Prices have plenty of room to keep falling—maybe below $1.50, according to analysts.

Patrick DeHaan, an analyst for GasBuddy, said that eventually retail prices will reflect the even faster decline in wholesale prices

“Retailers are taking their time lowering prices because they have a lot of uncertainty around the corner,” DeHaan said, adding that the practice boosts service station profit margins. “We’ve never seen gasoline retailers doing as well as they are now.”

Investors expect weak demand to continuing pushing gasoline prices lower. Contracts in New York for gasoline futures plunged to well under $1 a gallon on Monday.

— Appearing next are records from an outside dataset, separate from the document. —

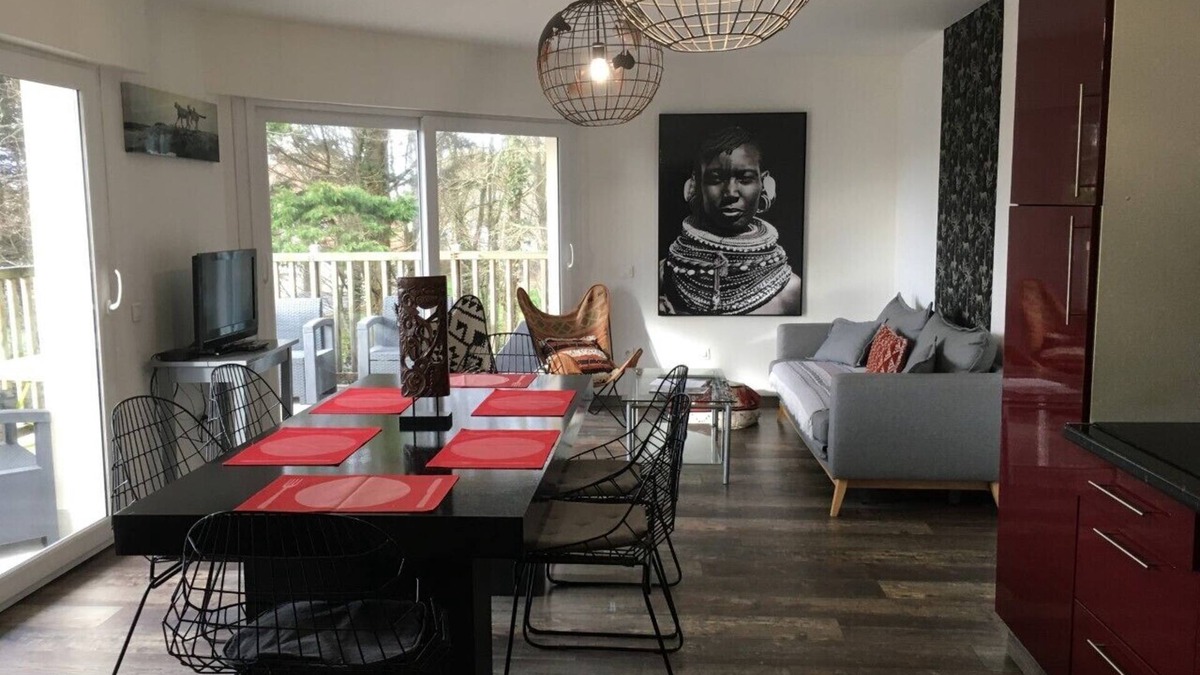 Ambleteuse Apartment | Le cran de noirda la marine d'opale
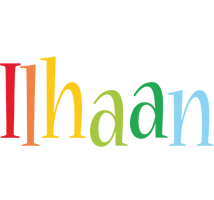 Ilhaan birthday logo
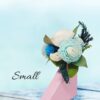 Sea Breeze Everlasting Floral Bouquet - 6 Inch Tabletop Arrangement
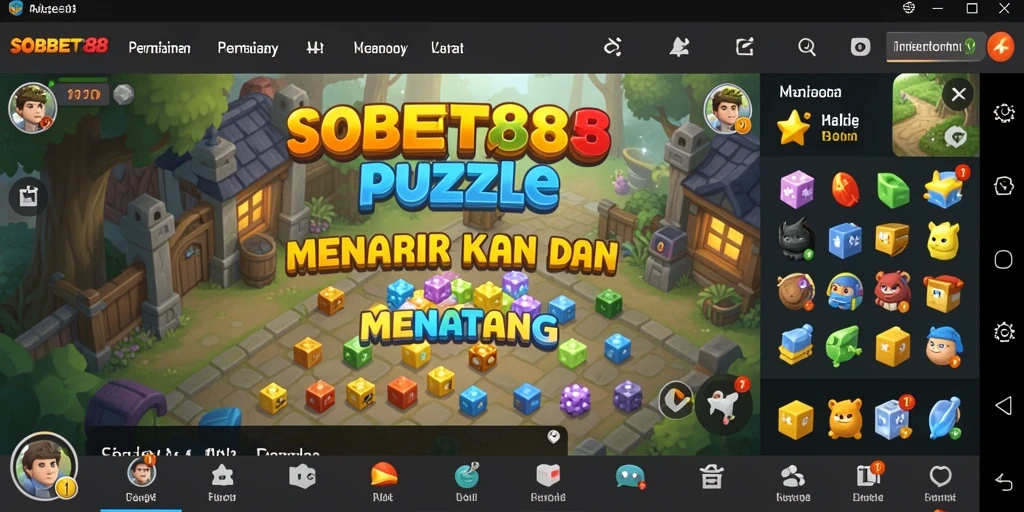 Tampilan gameplay menarik dari SOBET88 yang penuh tantangan.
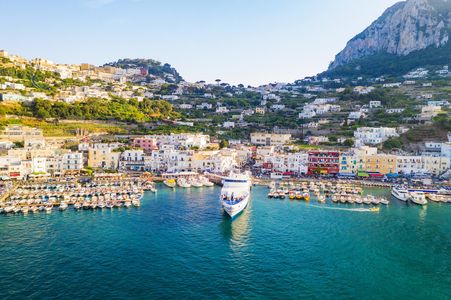 4 giorni Costiera Amalfitana Capri Ischia Procida e Sorrento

Oil accounts for about half the price of gasoline, and the drop at the pump is shadowing the steep slide in crude, which briefly on Monday hit the lowest levels since 2002. Benchmark prices for U.S. and international crude have both fallen by more than half in the past five weeks, as more Americans and Europeans have come under lockdown, cutting into demand for oil, and Saudi Arabia and Russia engaged in a price war.

Falling prices is likely to lead to less production in the Permian Basin of west Texas and New Mexico and other U.S. oilfields. Chevron is cutting back spending in the Permian, where shale drilling turned the U.S. into the world’s biggest oil producer.

AAA put Monday’s national average for gasoline at $2.01 a gallon, down from $2.69 a year ago. GasBuddy said it was $1.99. Both were within 20 cents of price lows set in early 2016 and late 2008, according to government figures.

The cheapest prices are in a swath of the country from Texas to Wisconsin and Michigan, with most states in that band averaging under $1.77 a gallon. At the other end were California, at $3.06, and Hawaii, $3.36 on average.